I am the first to admit that the internet can be a great tool for value. We saw during the recent pandemic, for example, the contribution that the internet was able to make to education, in a way that would have been inconceivable a decade ago. But there is also no doubt that there is a very negative side to the internet, through body-shaming, trolling, misogyny, anti-Semitism, racism and incitement to violence—among many other things—and most particularly, the damage that occurs to our young people and the tragic loss of life in cases such as Molly Russell and others. That is why I particularly support the amendments that will be brought forward by the noble Baroness, Lady Kidron, and by the noble Lord, Lord Bethell.
We know that early exposure to pornography, particularly violent pornography, leads to degrading and destructive attitudes and actions, especially towards women, as has been highlighted by the Government themselves in their reports on violence against women and girls. Therefore, we must take definitive action to be able to counteract that.
As the noble Lord, Lord Bethell, has indicated, there are three particular areas on which we have to intervene when it comes to amendments. First, we need robust age verification, both for users and—as has been highlighted by a previous speaker—for those involved in the porn industry itself and are producing it. We know that the porn industry, and many within it, are not exactly protective of those whom they employ, and we must make sure that everything is done to protect everyone who is underage.

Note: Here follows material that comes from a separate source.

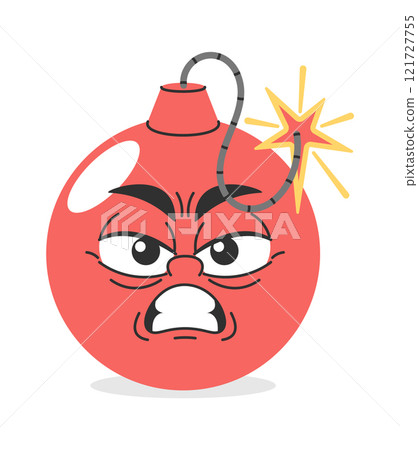 Angry furious bomb explosive character 121727755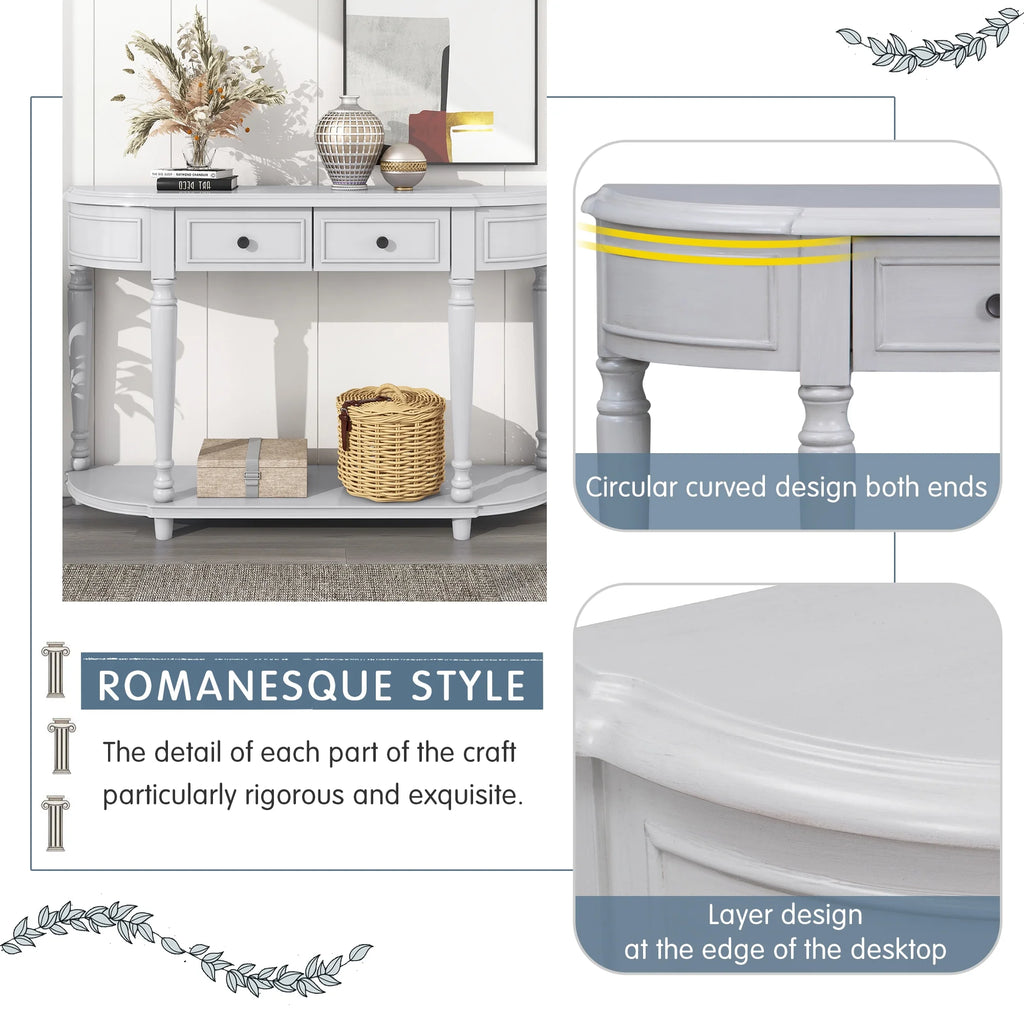 52'' Solid Wood Curved Console Table with 2 Drawers and 1 Shelf F837585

Secondly, I believe that, in regulations, we need to have what is clear and consistent: consistent in a single definition of pornography; consistent that what is illegal offline is mirrored by what is illegal online; and consistent in ensuring that high standards apply across all platforms. I join with a number of speakers today who have been highly critical of large, conglomerate tech companies and the approach that they take, but that should not blind us to the fact that some of the vilest imagery, some of the vilest abuse and some of the vilest actions happen on small platforms as well. We must make sure that we hold all platforms equally to a high standard.
Thirdly, we must ensure, particularly in terms of age verification, that we see swift and early implementation. I agree that, in terms of the detail of regulation, Ofcom is best placed to be able to deliver that. However, we also know that the full package of regulations that Ofcom will produce might be three, four or five years away. We cannot allow that level of destruction to take place in the meantime. That means, particularly in regard to age verification, that we need to see that early and swift intervention.
In conclusion, I think we have a good Bill, but it could be a better Bill. Collectively, we must ensure that it is the best Bill that is possible, so that we do not face a situation in which, for families and for children—either of the current generation or of future ones—we let them down in the way that the previous generations have been let down.